Just a quick note about using membership auth ticket in a shared environment for anyone who may land here with that issue. I've got an mvc site runnig at godaddy and had trouble with remember me. This was the solution:
<system.web>
<machineKey
validationKey="4C6404A3B305CD6E8CFEAC258F042FB95E45E9C3C2CEC3AAB838996CFBE661E41DF1A1BAC75B9B45E02147612FD9B71CA74DDA50B0D0D6ED11F0BB8E31048953"
decryptionKey="BC471CF17A97B08A9DF85C7B502AD95680E3BE4418FD9C6CEA57E7F97ED64291"
validation="SHA1" decryption="AES"
/>
Thanks to :
http://www.geekfreeq.com/aspnet-remember-me-option-forms-authentication-not-working/
That's not a problem, it's a feature :)
The user's session hasn't expired yet so, even if they close and reopen the browser, the cookie is still good.
It's the cookie's expiration that invalidates the user's session.
I had implemented same thing and when i test it it works fine in Mozila but not working in IE8 for all pc, i also had updated setting to accept cookies in IE but still not working.
Internet Explorer 8.x
Click on the Tools-menu.
Select Internet Options in the menu - a new window opens.
Click on the Privacy tab near the top of the window.
Click on the Default button of the window.
Move the slider so that it is on one of the levels below Medium High (including Medium, Low, Accept All Cookies).

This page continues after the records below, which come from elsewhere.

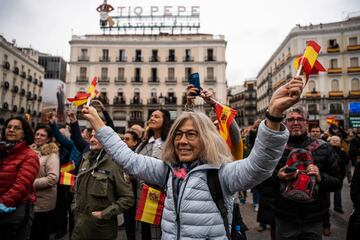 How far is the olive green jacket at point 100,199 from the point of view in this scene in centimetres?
253

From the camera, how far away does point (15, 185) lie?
2.45 m

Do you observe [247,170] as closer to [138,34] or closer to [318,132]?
[318,132]

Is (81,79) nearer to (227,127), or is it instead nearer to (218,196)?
(227,127)

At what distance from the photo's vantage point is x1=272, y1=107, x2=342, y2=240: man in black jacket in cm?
244

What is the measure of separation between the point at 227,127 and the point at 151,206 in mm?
1132

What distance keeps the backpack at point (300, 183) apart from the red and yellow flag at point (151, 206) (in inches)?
47.5

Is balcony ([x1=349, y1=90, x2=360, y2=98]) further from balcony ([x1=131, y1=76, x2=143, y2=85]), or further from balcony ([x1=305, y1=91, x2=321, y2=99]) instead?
balcony ([x1=131, y1=76, x2=143, y2=85])

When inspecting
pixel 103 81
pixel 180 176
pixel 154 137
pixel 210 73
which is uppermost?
pixel 210 73

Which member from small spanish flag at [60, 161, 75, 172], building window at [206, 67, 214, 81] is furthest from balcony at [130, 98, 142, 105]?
small spanish flag at [60, 161, 75, 172]

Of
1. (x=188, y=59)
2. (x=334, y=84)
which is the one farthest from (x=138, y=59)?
(x=334, y=84)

Save changes by clicking OK.
You should be able to add items to your shopping cart now.
As a user, when I see a "remember me" checkbox, I expect it to remember me -- not just when I close my browser, but when I come back to the site after a week.
So in my ASP.NET MVC application I am considering the following web.config values:
<authentication mode="Forms">
<forms defaultUrl="/" loginUrl="/account/login" name=".ASPXAUTH" timeout="50000000" />
</authentication>
I plan to also have userIsOnlineTimeWindow="20" to still have decent stats about who is online. I also plan to setup a machineKey so that the user isn't kicked off when IIS recycles.
Thoughts on this setup? My biggest concern is that it will hog up resources -- but will it in a stateless MVC app? Isn't that actually related to the sessionState timeout variable as opposed to authentication timeout? And sessionState is no longer relevant in MVC? I've seen conflicting information and am trying to get to the bottom of it.
Also, if I take this approach, I assume that this should also take care of the user who fills out a form for a long time before hitting submit and they lose their work. I've seen posts related to that, but am trying to solve two problems at once (keep alive while viewing the page plus also keep alive for days if I said 'remember me'.
One issue I see is that even if the user doesn't say "remember me" it will still remember them until they close the browser. (To me that's within user expectations.) The other issue is that I may need to perform extra checks on IsApproved and IsLockedOut per http://scottonwriting.net/sowblog/posts/11167.aspx.
Thoughts? Particularly on the system resources issue. Thanks.
FormsAuthentication is stored as a cookie in the client's browser and will not use up any resources by itself. The timeout setting there does not change how long something will be kept in the server's memory or anything to do with the regular session storage.
If you rely solely on the user ID/name you get from FormsAuthentication (HttpContext.User) then yes, there will probably be issues with administering user accounts like you point out. It would be a good practice to look up the actual current user data once per request.